Financial planning was another area transformed by AI. By linking AI to tools like Kubera and ProjectionLab, I could explore “what-if” scenarios with ease. Adjusting RMDs, modeling Roth conversions and the impact on IRMAA, or evaluating the impact of a major purchase—all became straightforward, data-driven exercises rather than hours spent wrestling with spreadsheets.

These are not just novelties. They are practical, everyday applications that save time, improve decision-making, and enhance my ability to manage complex information.

The Coming Reckoning

If we accept that much of the current AI landscape is a bubble, what happens when it bursts? The answer is familiar to anyone who has watched previous technology cycles. Overvalued startups will collapse. Funding will dry up for all but the most promising ventures. Many companies will be exposed as little more than marketing exercises.

But, as with the dot-com crash, the underlying technology will not disappear. The internet did not vanish in 2000; instead, the survivors—those with real product-market fit—emerged stronger and went on to reshape the world. The same will happen with AI. The collapse of overhyped ventures will clear the way for sustainable, impactful applications to thrive.

AI’s Lasting Value: Beyond the Bubble

It’s important to recognize that the value of AI, much like the value of people in an organization, is not always captured on the balance sheet. Traditional accounting fails to recognize the knowledge, creativity, and experience that drive real value, just as it struggles to measure the true impact of AI.

When the bubble bursts, it will be a financial reckoning, not a technological one. The survivors will be those who move past the hype and focus on delivering real, measurable value. For individuals and organizations alike, the challenge is to look beyond the noise and invest in what truly works.

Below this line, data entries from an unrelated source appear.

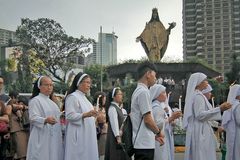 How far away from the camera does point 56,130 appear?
7195 millimetres

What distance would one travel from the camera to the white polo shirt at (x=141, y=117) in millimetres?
5984

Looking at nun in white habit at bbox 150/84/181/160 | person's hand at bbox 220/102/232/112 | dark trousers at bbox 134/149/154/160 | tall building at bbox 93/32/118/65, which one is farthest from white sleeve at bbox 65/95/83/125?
tall building at bbox 93/32/118/65

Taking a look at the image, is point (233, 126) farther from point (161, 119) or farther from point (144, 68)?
point (144, 68)

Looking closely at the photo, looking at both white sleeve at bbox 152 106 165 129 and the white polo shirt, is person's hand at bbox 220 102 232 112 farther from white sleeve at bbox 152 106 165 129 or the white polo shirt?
the white polo shirt

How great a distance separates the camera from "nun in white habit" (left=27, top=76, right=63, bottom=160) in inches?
273

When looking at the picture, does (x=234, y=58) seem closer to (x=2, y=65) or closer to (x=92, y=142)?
(x=2, y=65)

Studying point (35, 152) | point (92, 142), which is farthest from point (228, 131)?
point (35, 152)

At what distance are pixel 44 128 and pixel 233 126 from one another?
347cm

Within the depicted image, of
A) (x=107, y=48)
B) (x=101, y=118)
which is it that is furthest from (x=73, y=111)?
(x=107, y=48)

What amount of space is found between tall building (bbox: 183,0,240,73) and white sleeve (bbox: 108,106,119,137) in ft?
183

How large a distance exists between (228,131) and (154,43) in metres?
28.3

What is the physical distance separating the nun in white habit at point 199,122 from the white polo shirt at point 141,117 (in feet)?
4.64

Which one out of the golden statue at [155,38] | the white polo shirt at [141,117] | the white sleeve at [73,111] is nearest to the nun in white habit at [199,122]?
the white polo shirt at [141,117]

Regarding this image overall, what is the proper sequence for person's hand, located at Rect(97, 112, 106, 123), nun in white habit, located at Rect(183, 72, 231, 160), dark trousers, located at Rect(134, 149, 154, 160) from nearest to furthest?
dark trousers, located at Rect(134, 149, 154, 160)
nun in white habit, located at Rect(183, 72, 231, 160)
person's hand, located at Rect(97, 112, 106, 123) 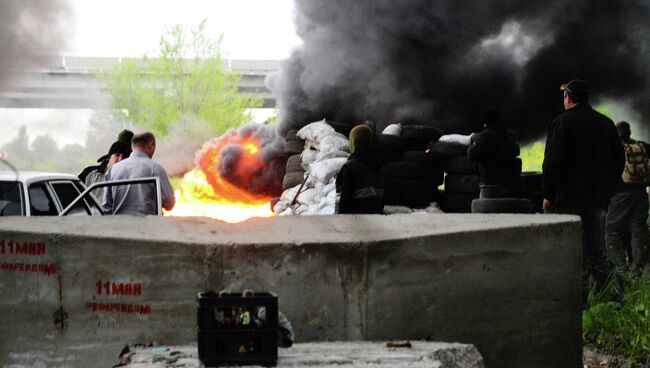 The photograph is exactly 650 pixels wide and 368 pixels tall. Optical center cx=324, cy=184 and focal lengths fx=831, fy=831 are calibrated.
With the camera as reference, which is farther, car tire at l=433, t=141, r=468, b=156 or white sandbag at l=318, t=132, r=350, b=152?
white sandbag at l=318, t=132, r=350, b=152

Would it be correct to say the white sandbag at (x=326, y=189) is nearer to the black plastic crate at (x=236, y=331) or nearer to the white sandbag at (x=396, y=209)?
the white sandbag at (x=396, y=209)

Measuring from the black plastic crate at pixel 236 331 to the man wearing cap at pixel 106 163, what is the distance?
4438mm

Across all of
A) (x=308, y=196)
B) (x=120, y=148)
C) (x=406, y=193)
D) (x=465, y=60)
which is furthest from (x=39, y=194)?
(x=465, y=60)

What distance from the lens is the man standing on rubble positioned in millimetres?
6910

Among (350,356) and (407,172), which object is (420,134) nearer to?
(407,172)

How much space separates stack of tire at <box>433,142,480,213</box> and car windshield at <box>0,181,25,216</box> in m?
7.28

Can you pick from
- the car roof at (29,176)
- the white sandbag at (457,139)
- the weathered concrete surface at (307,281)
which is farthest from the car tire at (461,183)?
the weathered concrete surface at (307,281)

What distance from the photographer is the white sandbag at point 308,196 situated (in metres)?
12.5

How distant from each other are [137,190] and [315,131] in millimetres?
7186

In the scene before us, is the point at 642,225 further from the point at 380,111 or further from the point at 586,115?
the point at 380,111

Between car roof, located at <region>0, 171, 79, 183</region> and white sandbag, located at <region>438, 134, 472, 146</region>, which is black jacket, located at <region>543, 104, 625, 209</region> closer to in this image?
car roof, located at <region>0, 171, 79, 183</region>

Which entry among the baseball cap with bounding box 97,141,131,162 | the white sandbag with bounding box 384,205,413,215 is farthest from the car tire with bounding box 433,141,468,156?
the baseball cap with bounding box 97,141,131,162

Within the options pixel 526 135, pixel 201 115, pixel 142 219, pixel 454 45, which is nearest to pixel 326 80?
pixel 454 45

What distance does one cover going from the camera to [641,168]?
1016 centimetres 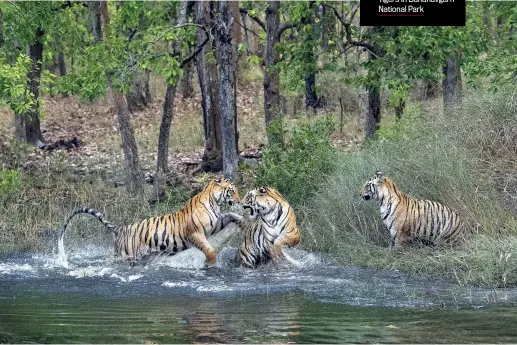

Practical Implications and Takeaways

So where does this leave us? The lesson is not to dismiss AI as mere hype, nor to blindly accept every claim of disruption. Instead, we should approach AI with a critical eye—recognizing both its limitations and its transformative potential.

For my part, AI has become an indispensable tool. It has changed how I conduct research, manage my health, and plan my financial future. But I remain cautious. I verify sources, treat AI-generated insights as starting points, and remember that technology is only as valuable as the problems it helps solve.

The AI bubble will burst, just as others have before it. But the technology itself is here to stay. The real opportunity lies in separating substance from speculation, and in focusing on the practical, everyday applications that deliver genuine value.